Today, I want to talk about the most notable aspect of Eldritch Moon—meld cards. Both Ken Nagle and Mark Rosewater talked a lot about how they came to be in the design process, but as you may have noticed, the final versions of the cards are very different than the original cards submitted. Let's look at the process these cards went through to get to their final iterations.

Double Trouble

The first thing development needed to do when working on these cards was to figure out just how many would appear in the set. They are the flashiest thing to show off the transformation of things into Eldrazi, but realistically, they are just not going to happen as frequently as regular transform cards in Limited. We wanted to introduce this awesome and flashy mechanic, but if it reduced the total amount of transforming in Eldritch Moon-Eldritch Moon-Shadows over Innistrad Limited to a fractional amount per game, then I think it would take away a lot of what makes Innistrad cool and unique.

The first thing I did was cut the uncommon meld cards the design team handed off. The problem with having the mechanic at uncommon is that it feels like something you can do in Draft—but realistically, it's just not going to happen much. More than rares, for sure, but there isn't a big expectation that rares will happen in Limited. They are more of a Constructed thing. On average, you see slightly less than one of each uncommon per draft, meaning that in a huge portion of the total number of drafts, you will only see one of the two cards. Even when you do get one, the other card has to not only show up, but get passed to you. Meaning that at least one of the two needs to be weak enough to get through a huge portion of the draft. This combination felt like a real poor way to deploy the mechanic. Instead, we opted to keep the mechanic at either common or rare.

Two common pairs of double-faced cards for meld would have worked, but they are not the only goal for DFCs in the set; we also want to show Werewolves and other types of transformation. We could've made almost all (if not all) of the uncommon DFCs into Werewolves to compensate, but that also felt like too much. Double-faced cards are the strongest tool we have to tell the story of transformation, and we needed those slots to tell the individual Eldrazi transformation stories that the set needed. Once we knew how many were in the set, it was time to start making the actual cards.

Graf Rats
Chittering Host (Top)
Midnight Scavengers
Chittering Host (Bottom)

Graf Rats / Midnight Scavengers

This is what was handed off from the design team. The idea was there, and many of the designers were enamored with the idea that two low-pick commons could combine into something bigger, but in my mind it had larger problems. First of all, placing it in blue was rough because blue has the lowest percentage of creatures by color, so taking two out of it that would really only work together was a stretch. We already had the white pair at rare and mythic rare, and we didn't want to double-up colors. Both green and red were going to be using Werewolves, so that left black. What I wanted to do from there was figure out the right story to tell with the meld cards.

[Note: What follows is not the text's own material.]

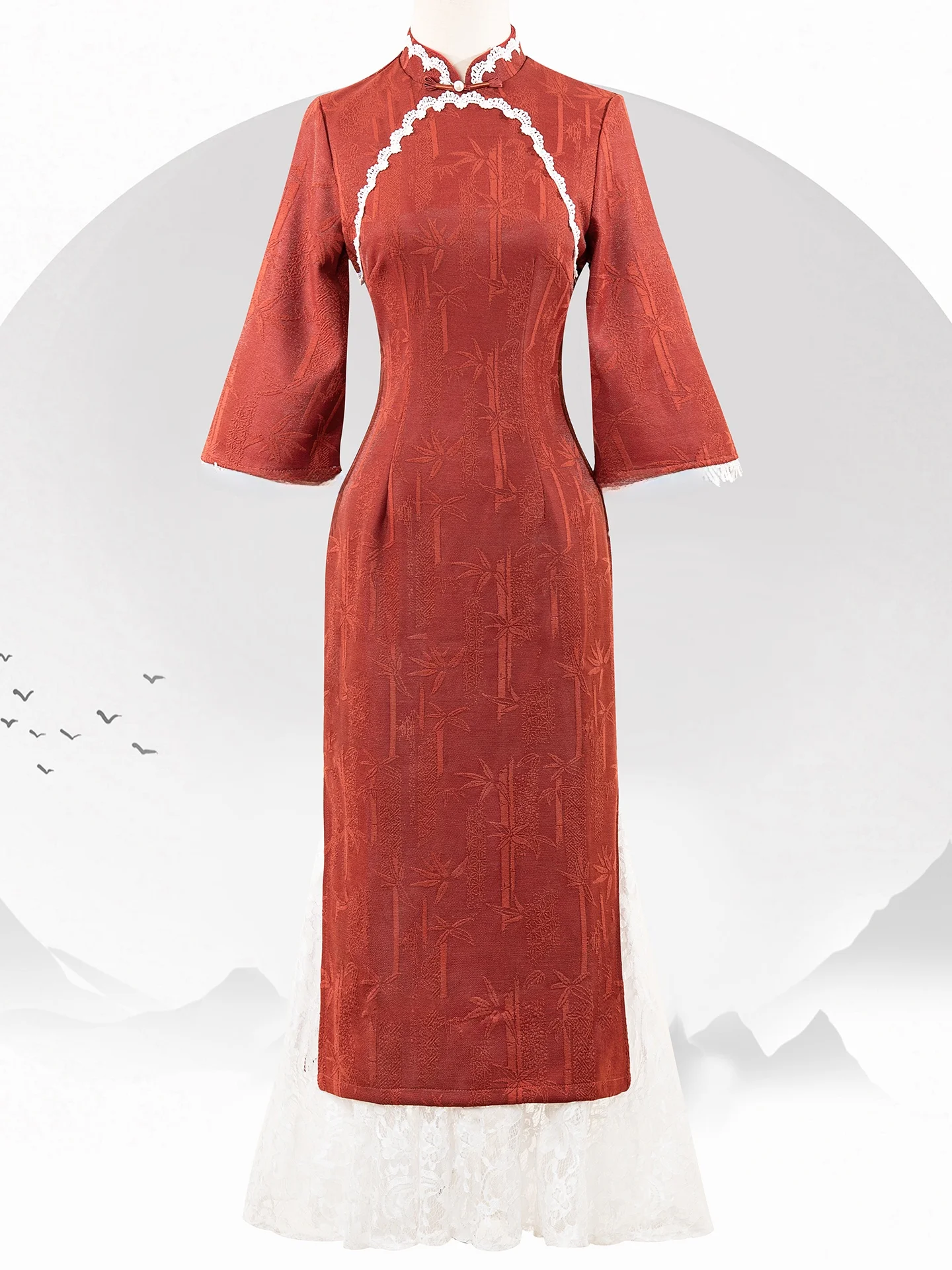 robe-qipao-midi-rouge-a-manches-longues-pour-femme-style-vintage-pour-mariage-quotidien-et-Ete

Talking with the creative team, one story they liked was to have some variation on the "rat king," which you can look up if you really don't want to sleep tonight. I was excited by the idea of allowing one half of the card to help get the other half out. Meld is a difficult mechanic to pull off, and any letting the cards go a bit out of their way to come together reduced the fun design space, but made the individual cards much more satisfying.

The trick to making this one fun was taking two cards that were kind of middle-of-the-pack picks by themselves and combining them into more than the sum of their parts. We also needed to get to the point where melding them was a powerful play for Limited, but not something that would immediately end the game. We ended up on menace for it, and for your team, so that it could be powerful by itself or break up board stalls, but not generally win games where you were far behind and topdecked it.

Hanweir Battlements
Hanweir, the Writhing Township (Top)
Hanweir Garrison
Hanweir, the Writhing Township (Bottom)

Hanweir Battlements / Hanweir Garrison

Getting the meld combinations to work in Constructed meant doing more than just making them powerful; it meant thinking strategically on how to give them the highest chance for success. Having each pair just being creatures might work, but there would be an even higher chance for success if there was a way that one half could be a noncreature permanent. By setting them up in this manner, we could make something that could easily sit on the battlefield and wait for you to choose to activate it, thereby increasing the chances that people could play the maximum copies in their deck. We thought about Equipment and creatures that combined, or even an enchantment.

Before designing it, though, I talked with the creative team, and they told me the story of Hanweir, and how it would fit into the paradigm I was looking for—which was perfect, since getting a land into your deck has about the lowest barrier to entry of any permanent. It would set a pretty low barrier for getting the card into your deck.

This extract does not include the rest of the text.